When the frying pan cooled down, I almost gave up and just mixed stir-fried kimchi, red pepper powder, and other ingredients, adding cooked rice to them. The final dish I made was very different from the photos on the Internet. I was even afraid to taste it, so I started cleaning the kitchen first.
From the tile walls to the sink, I wiped again and again, washing the dishcloth several times. It was only after the kitchen returned to its original state that I was able to have a bite. When I checked the time, about an hour and a half had passed since I started cooking. The cold kimchi fried rice tasted better than I thought, perhaps because of hunger.

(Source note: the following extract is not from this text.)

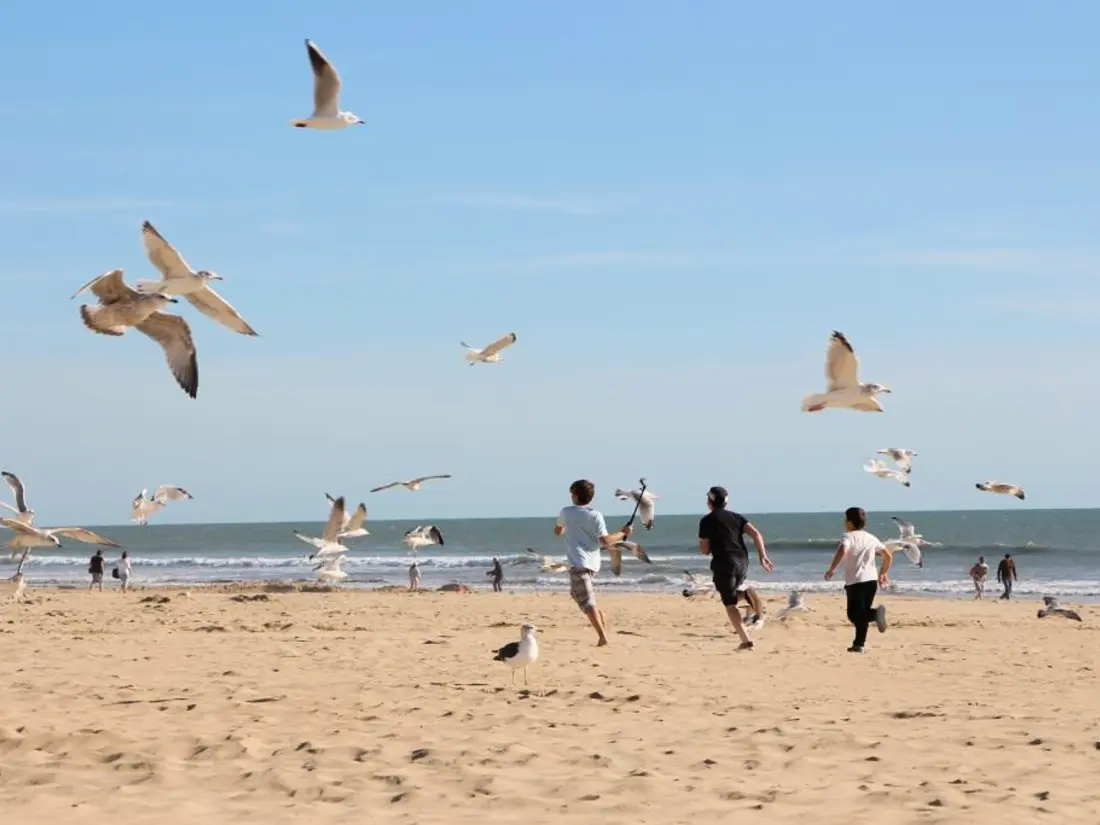 Location de Vacances Saint-Jean-de-Monts 552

When I was about to eat, I remembered Dad’s request to call him often. So I made a phone call.
“Dad.”
“Oh, dear. Did you have dinner?”
I had to say yes. Because it was too late for dinner, I knew what I would be told if I said I was about to eat. I could hear my mother and sister talking and laughing from the phone. I felt like I was in one space. But the moment I hung up, I came back to my room. The cold kimchi fried rice looked too poor, compared with the warm one that my mother had cooked for me.
‘Has Mom also experienced such a firecracker show in the kitchen?’
‘Does she, too, cook dishes for our family, going through unexpected bombings?’
Now I look into my mother’s labors that were hidden in her dining table. Even if we don’t recognize her efforts, every time she quietly put her time and care in preparing meals. In the meantime, however, I used to rest or did what I wanted to do. I took her efforts for granted and enjoyed the meals after paying for them with the simple words, “Thank you.”
If I had known that setting the table would be this hard, I would have sat at the table right after Mom called me for dinner. I should have enjoyed even ordinary dishes without complaining. Why didn’t I do that before?
I miss mom-cooked meals. No, I miss MOM, who has made home meals with her love.